# [Problem to solve]
With the pictures left out, restate exactly the part below that opens with the line containing "Khu vực xung" and closes with the line containing "Snapshot of j_boogie_mane".

# [Input material]
▶

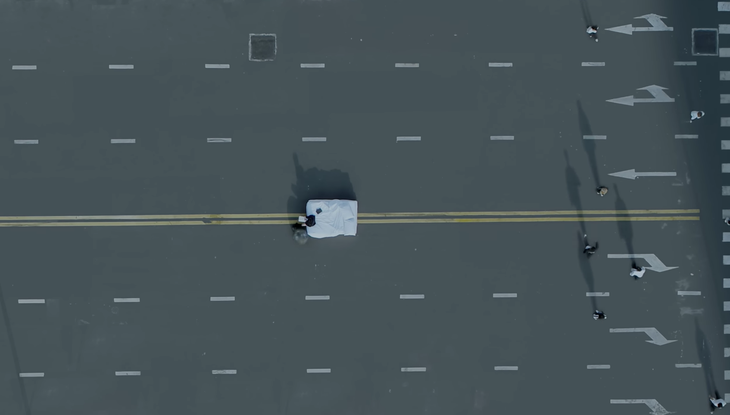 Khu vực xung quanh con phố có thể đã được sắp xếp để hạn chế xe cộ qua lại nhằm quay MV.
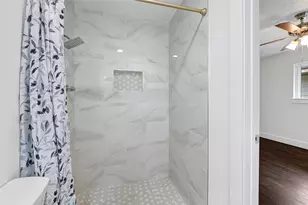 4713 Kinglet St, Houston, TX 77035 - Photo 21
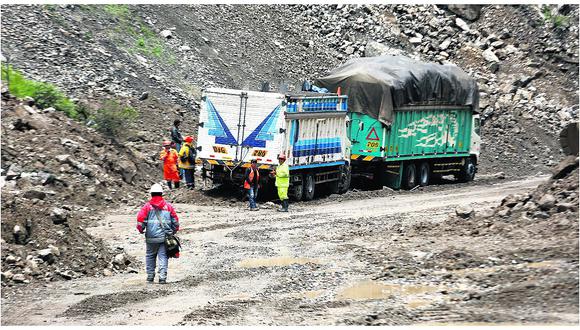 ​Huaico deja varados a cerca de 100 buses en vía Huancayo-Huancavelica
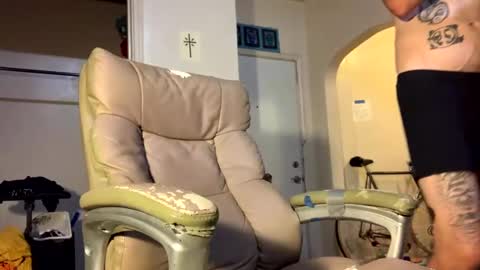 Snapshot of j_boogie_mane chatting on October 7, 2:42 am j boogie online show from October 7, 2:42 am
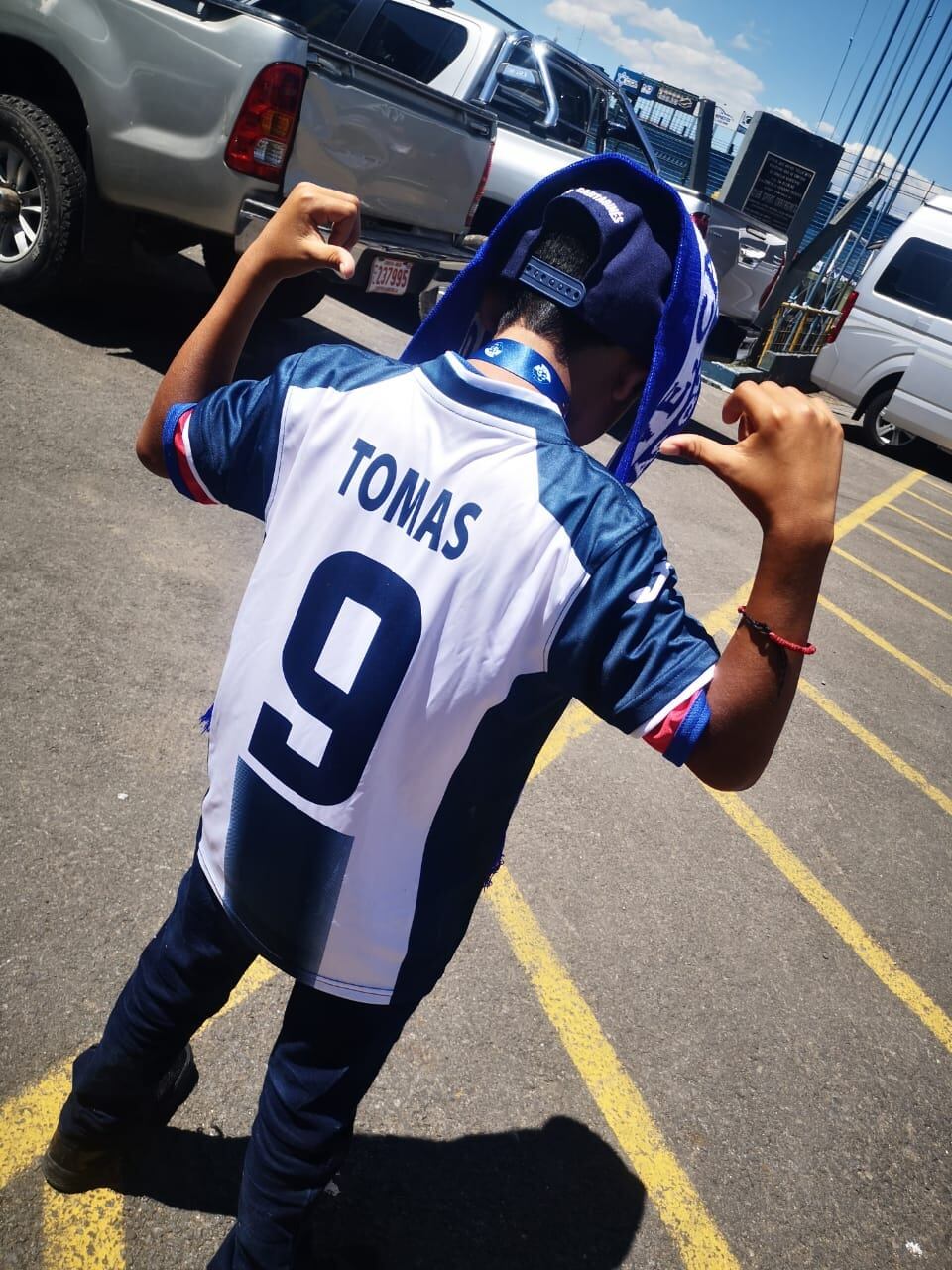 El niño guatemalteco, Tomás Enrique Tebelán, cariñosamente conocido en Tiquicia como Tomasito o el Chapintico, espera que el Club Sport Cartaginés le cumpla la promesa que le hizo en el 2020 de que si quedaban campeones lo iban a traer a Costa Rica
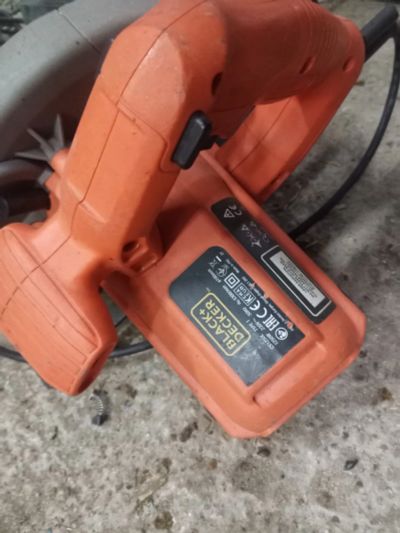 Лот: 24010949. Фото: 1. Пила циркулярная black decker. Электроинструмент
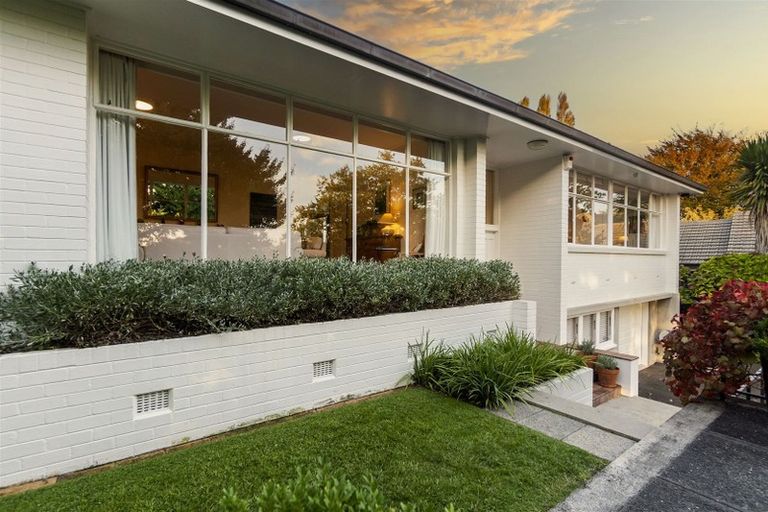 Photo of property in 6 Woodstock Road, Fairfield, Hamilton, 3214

◀
▶

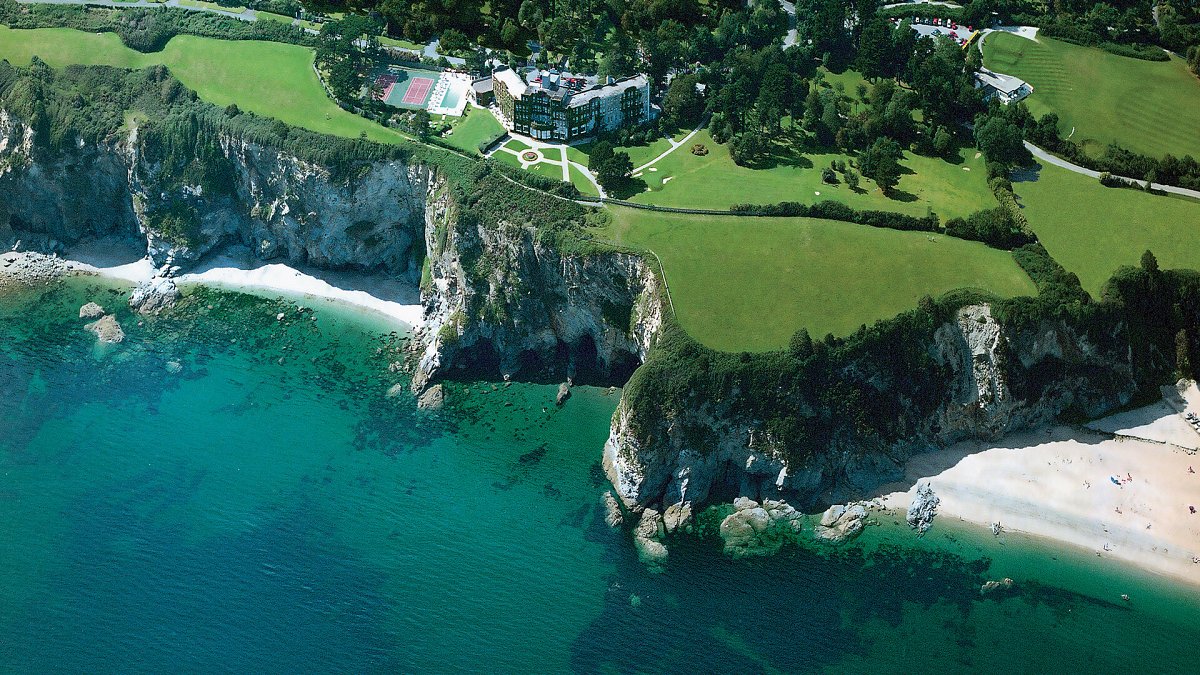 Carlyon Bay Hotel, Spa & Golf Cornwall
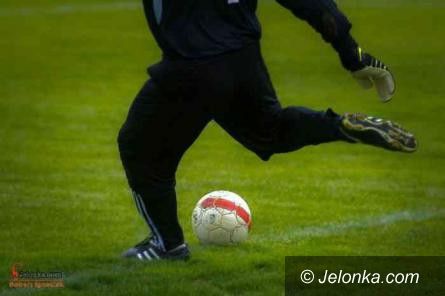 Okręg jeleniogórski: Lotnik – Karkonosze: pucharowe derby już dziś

◀

# [Exercise solution]
 Khu vực xung quanh con phố có thể đã được sắp xếp để hạn chế xe cộ qua lại nhằm quay MV.
 4713 Kinglet St, Houston, TX 77035 - Photo 21
 ​Huaico deja varados a cerca de 100 buses en vía Huancayo-Huancavelica
 Snapshot of j_boogie_mane chatting on October 7, 2:42 am j boogie online show from October 7, 2:42 am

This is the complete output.